Crawled caption data
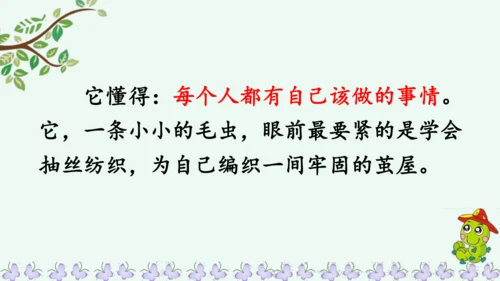 22小毛虫  课件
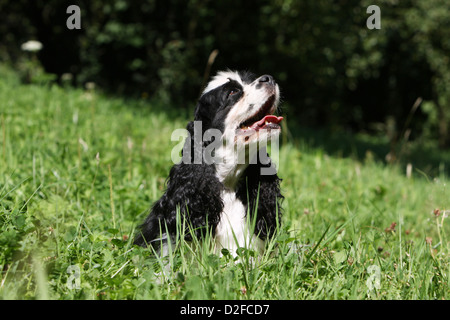 Chien Cocker Américain adulte (noir et blanc) assis dans un pré Banque D'Images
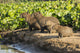 Capybara Family Portrait Fine Art Print by Janet Horton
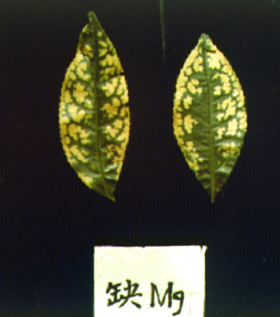 缺镁1.png 缺镁1.png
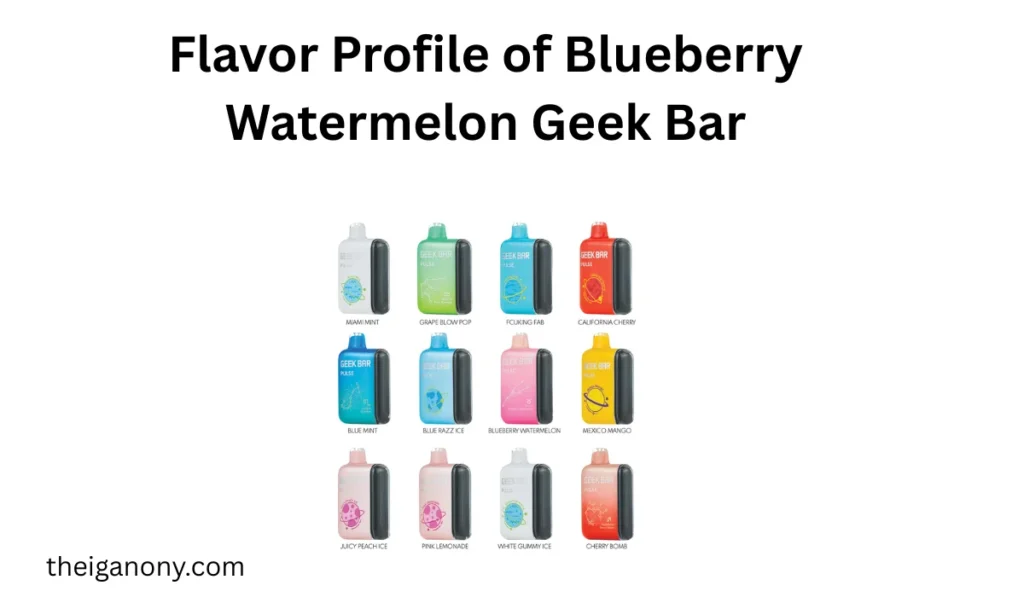 Blueberry Watermelon Geek Bar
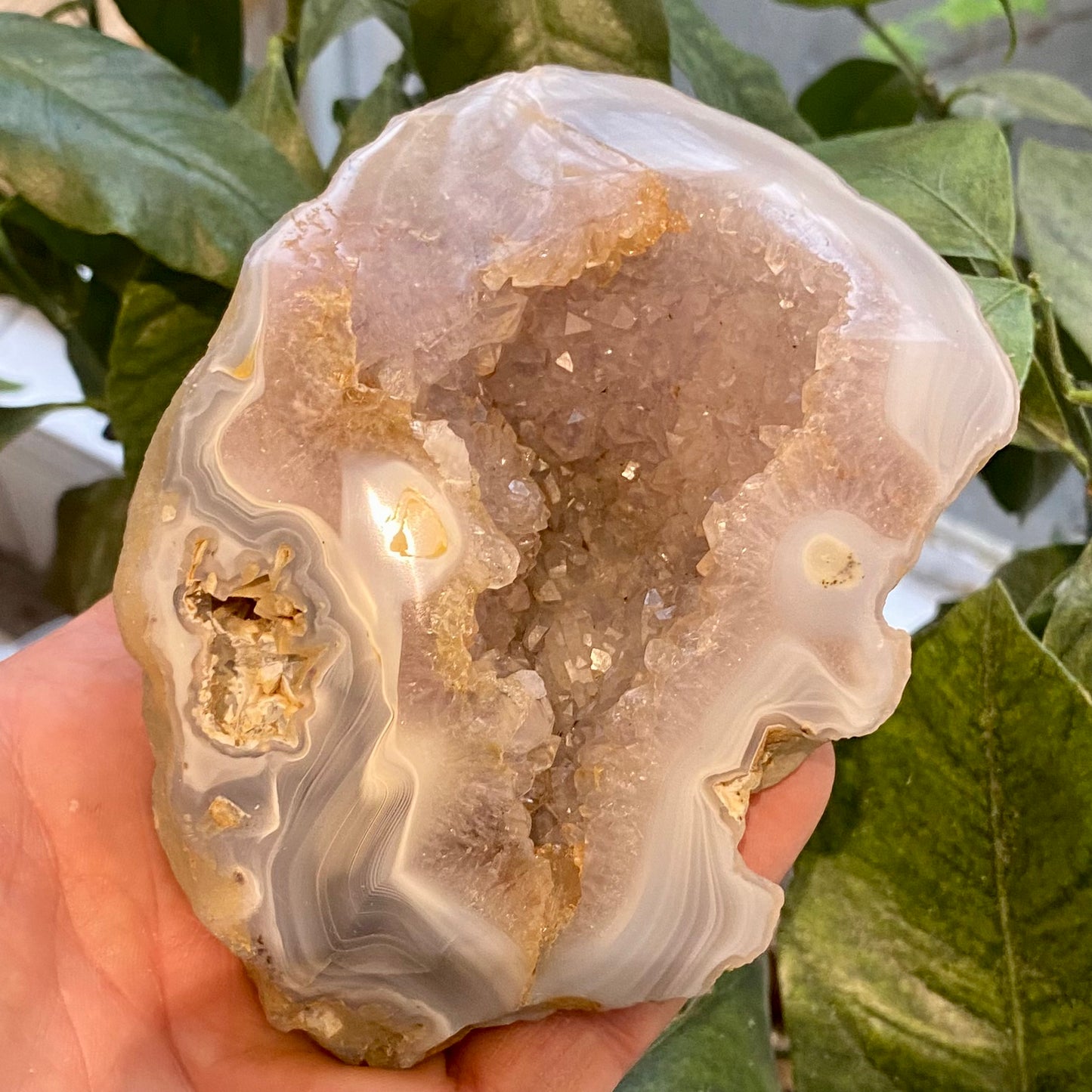 Agat geode, poleret Agat geode, poleret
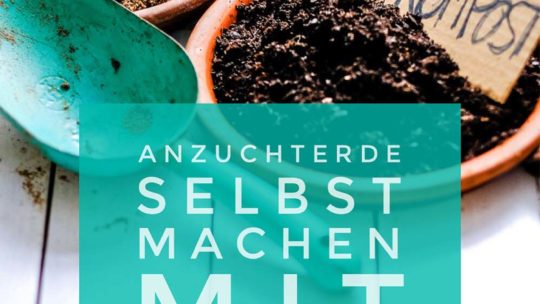 Torffreie Anzuchterde selbst machen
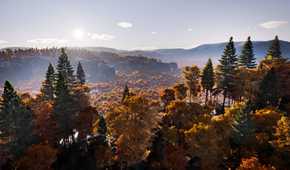 A large vista of the game world in Prologue: Go Wayback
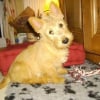 Photo de Débby, Terrier Ecossais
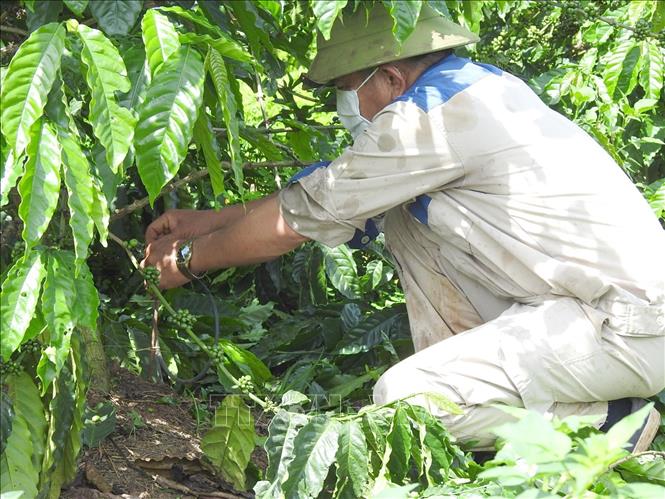 Nông dân canh tác tại vườn cà phê của HTX nông nghiệp Công bằng Pô Kô điều chỉnh hệ thống tưới nước tiết kiệm. Ảnh: Dư Toán – TTXVN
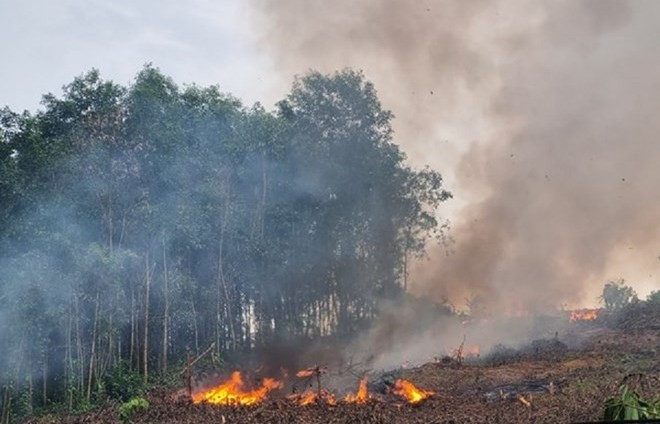 Trồng keo mang lợi trước mắt nhưng nguy cơ lũ dữ và sạt lở đất cao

> **Requirement**: Starting with the first line of the records above and stopping after the line containing "Nông dân canh", repeat every line exactly and leave out the pictures.

> **Answer to this task**:
 22小毛虫  课件
 Chien Cocker Américain adulte (noir et blanc) assis dans un pré Banque D'Images
 Capybara Family Portrait Fine Art Print by Janet Horton
 缺镁1.png 缺镁1.png
 Blueberry Watermelon Geek Bar
 Agat geode, poleret Agat geode, poleret
 Torffreie Anzuchterde selbst machen
 A large vista of the game world in Prologue: Go Wayback
 Photo de Débby, Terrier Ecossais
 Nông dân canh tác tại vườn cà phê của HTX nông nghiệp Công bằng Pô Kô điều chỉnh hệ thống tưới nước tiết kiệm. Ảnh: Dư Toán – TTXVN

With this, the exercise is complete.